Взятие власти большевиками в центре не привело, однако, к стабилизации положения в стране — развернулась широкомасштабная гражданская война.
За семь дней боев в Москве погибло более тысячи человек. Война 1917—1922гг. сократила население России на 13 миллионов, демографические же потери (с учетом неродившихся) составили 25 миллионов человек, считает академик Ю.А.Поляков (см.: Поляков Ю.А. Советская страна после окончания гражданской войны: территория и население. М., 1989. С. 128).
Гораздо сложнее определить нравственные и психологические последствия общественного раскола.
В 1922г. в рассказе «В тупике» В.В.Вересаев писал об октябрьских днях в Москве от имени участника революции и гражданской войны Леонида: «Теперь смешно вспомнить: как мы, интеллигенты, были тогда мягкосердечны, как боялись пролить лишнюю каплю крови, как стыдились всякого лишнего орудийного выстрела, чтобы, упаси Боже, не задеть Василия Блаженного или Ивана Великого. А солдатам нашим это было совершенно непонятно, и они, конечно, были правы... Что с тех пор каждому из нас пришлось видеть, переиспытать!»

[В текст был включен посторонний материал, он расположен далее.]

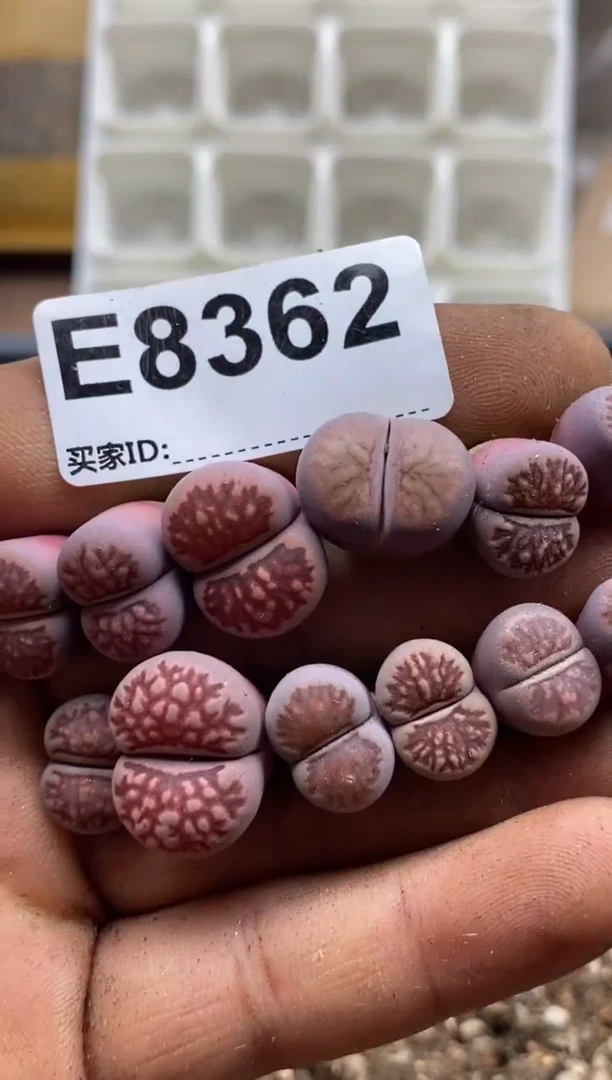 8362直播一物一拍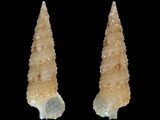 Cerithium interstriatum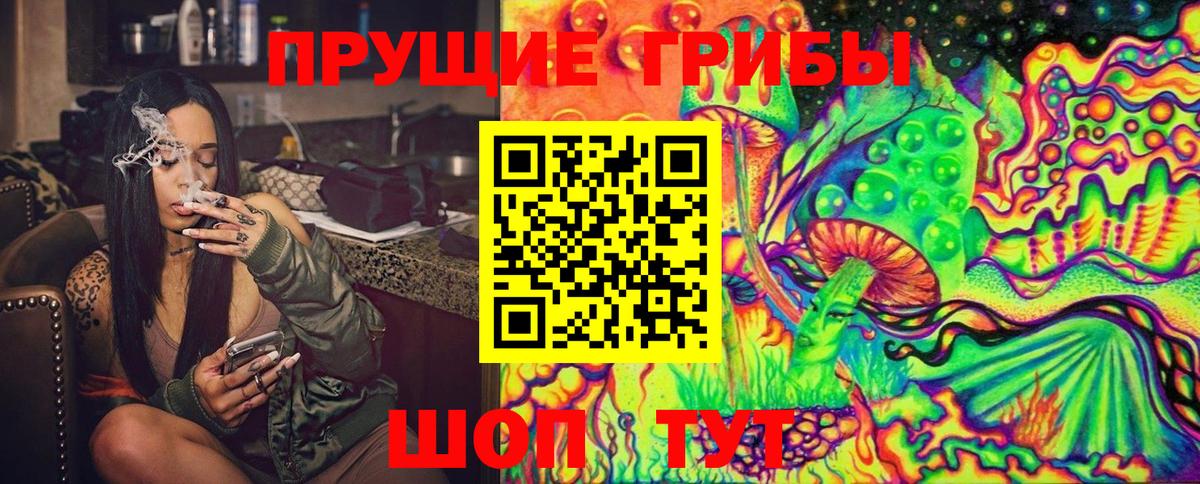 Череповец  Галлюциногенные грибы Psilocybine cubensis  Вход с VPN 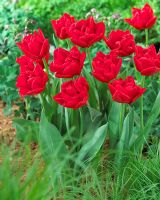 Tulipa 'Largo'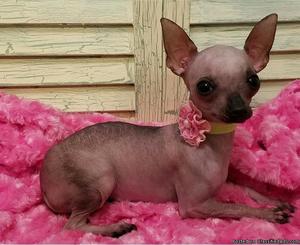 Mexican Hairless Dog Puppies for Sale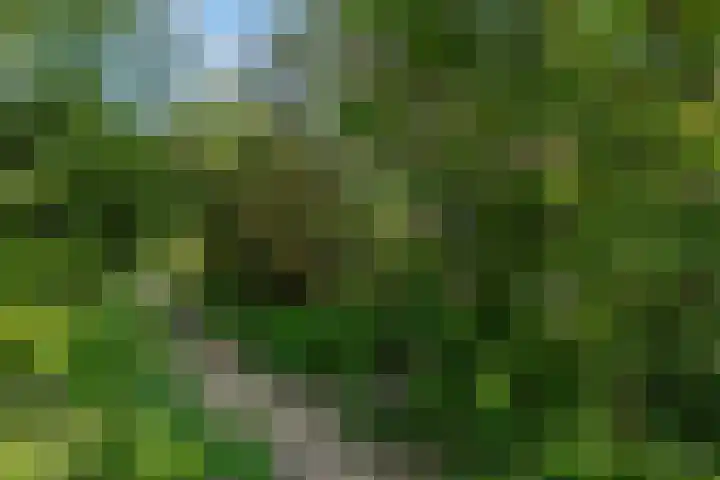 Luchtenburg 54 Ingen thumbnail 25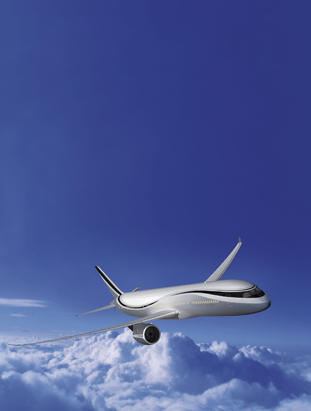 Fly In Luxury
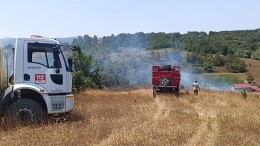 Bilecik'te çıkan ot yangınında 1 kişi hastanelik oldu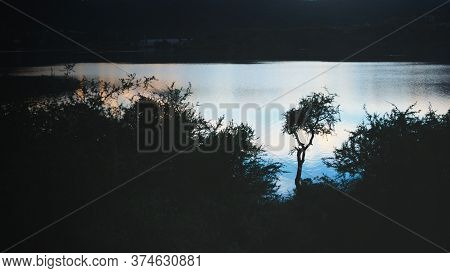 Lone Tree Silhouetted Against The Twilight Sky Reflections Over Lake Potrero De Los Funes, In San Lu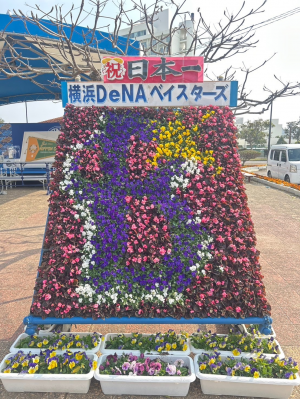 横浜DeNaベイスターズのロゴを表したお花のエンブレム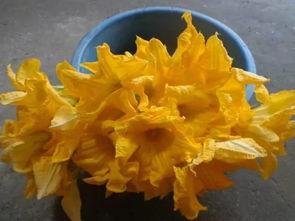 吃瓜花酿视频,揭秘网红美食背后的制作奥秘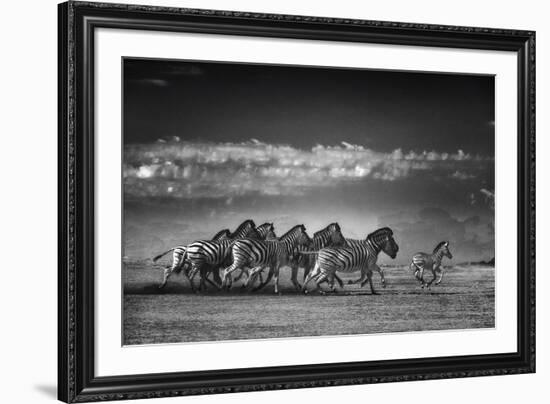 Dazzle-Bobbie Goodrich-Framed Giclee Print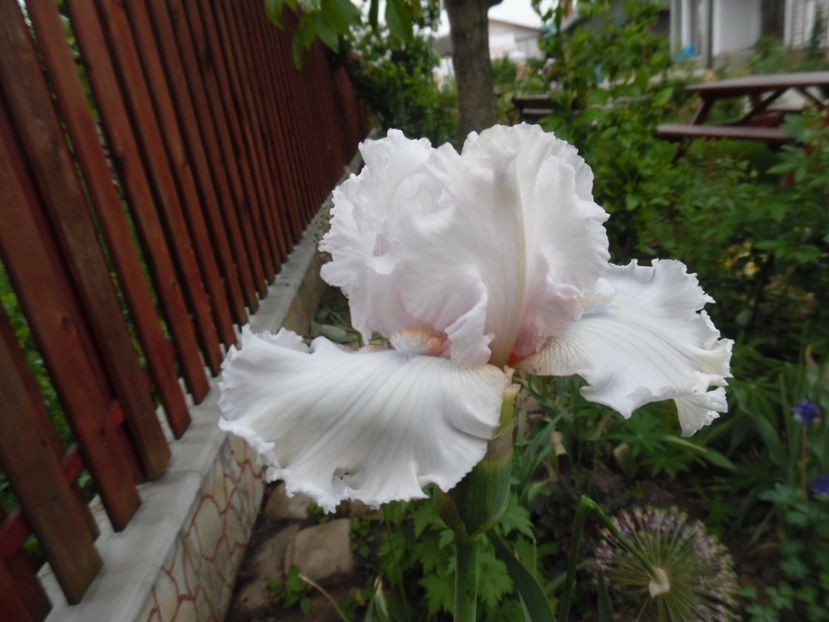  - Mai in gradina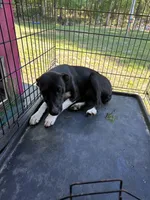 Little rose, a female Jack Russell Terrier and Border Collie for sale in Bushnell, FL – 1 of 4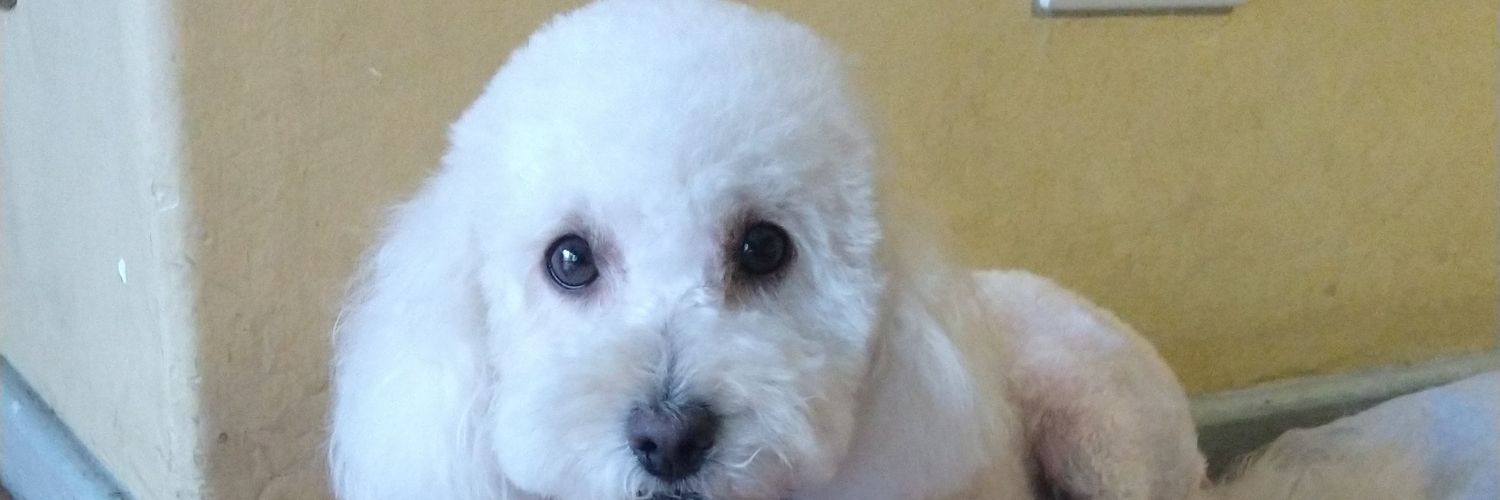 norajudith's profile banner image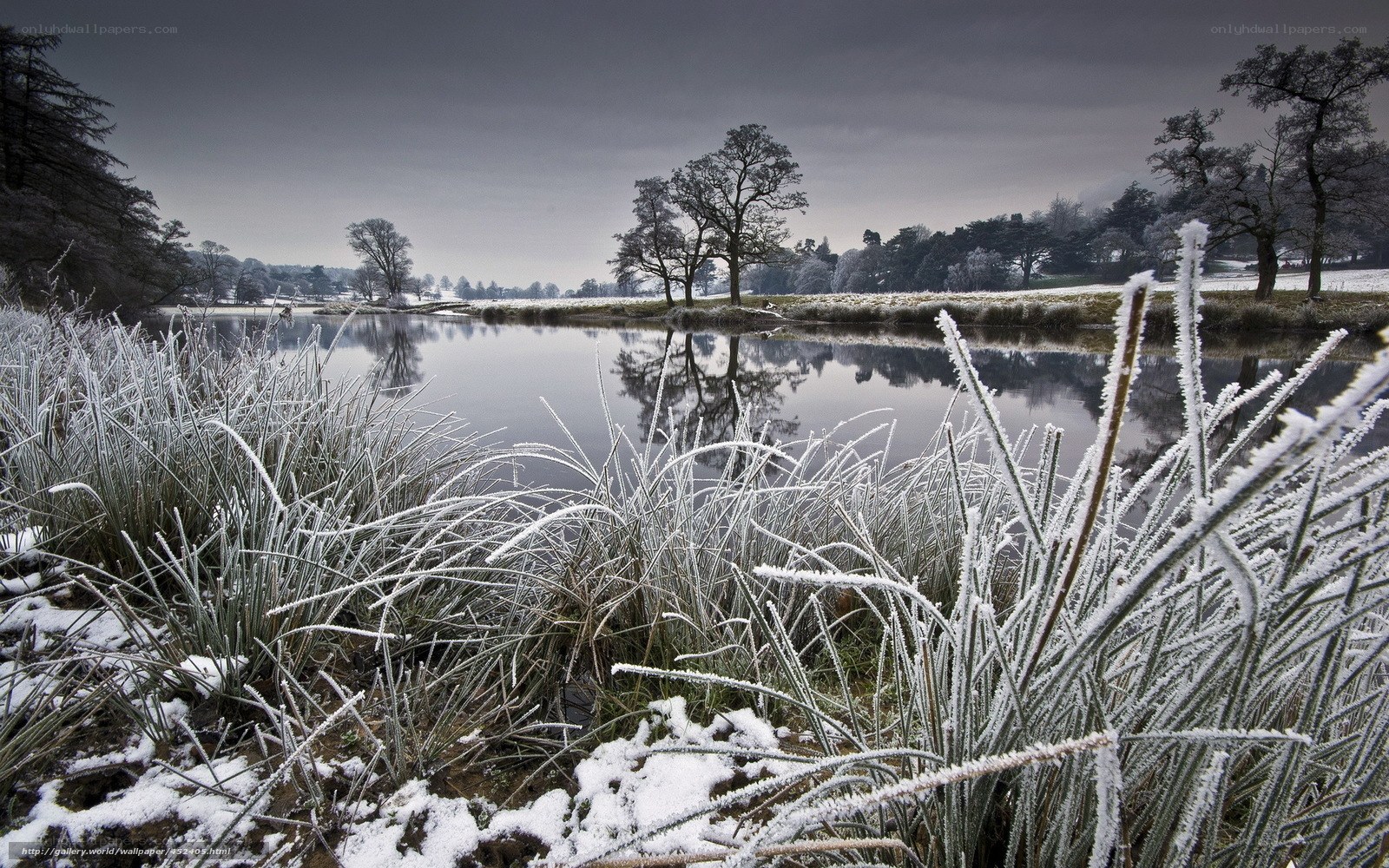 Frosty lake landscape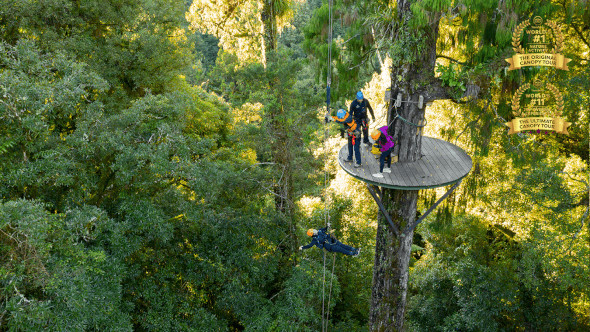 Rotorua Canopy Tour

Герой Вересаева оправдывает ожесточение «придавленных», слившихся в огромную, братскую стихию разрушения, бездарной и бессмысленной жестокости. Похоже, что и его оппонентка — Катя — вынуждена признать историческую правоту насилия.
«Для нас вопрос только один, первый и последний: нужно это для революции? Нужно. И нечего тогда разговаривать... Казнь так казнь, шпион так шпион, удушение свободы, так удушение. Провокация нужна? И перед провокацией не остановимся. А эксцессы... эксцессы мы очень бы рады и сами искоренить», — так точно и метко определил мораль революции В.Вересаев.
Звучит эта формулировка далеко не одобрительно, хотя автор и пытается объяснить и понять ее. «Ведь большинство у нас, — рассуждает один из его героев, — люди деклассированные, развращенные империалистической войной, отвыкшие от труда, привыкшие к грабежу и крови, притом раздетые и голодные. Сразу их не перевоспитаешь».
Безусловно, мировая война и война гражданская во многом предопределили характер революционного процесса в России. Эскалация гражданского противостояния, начавшаяся с Февраля 1917г., поощрялась всеми участниками борьбы за власть. Она обернулась не только миллионами жертв, но и серьезной деформацией общества.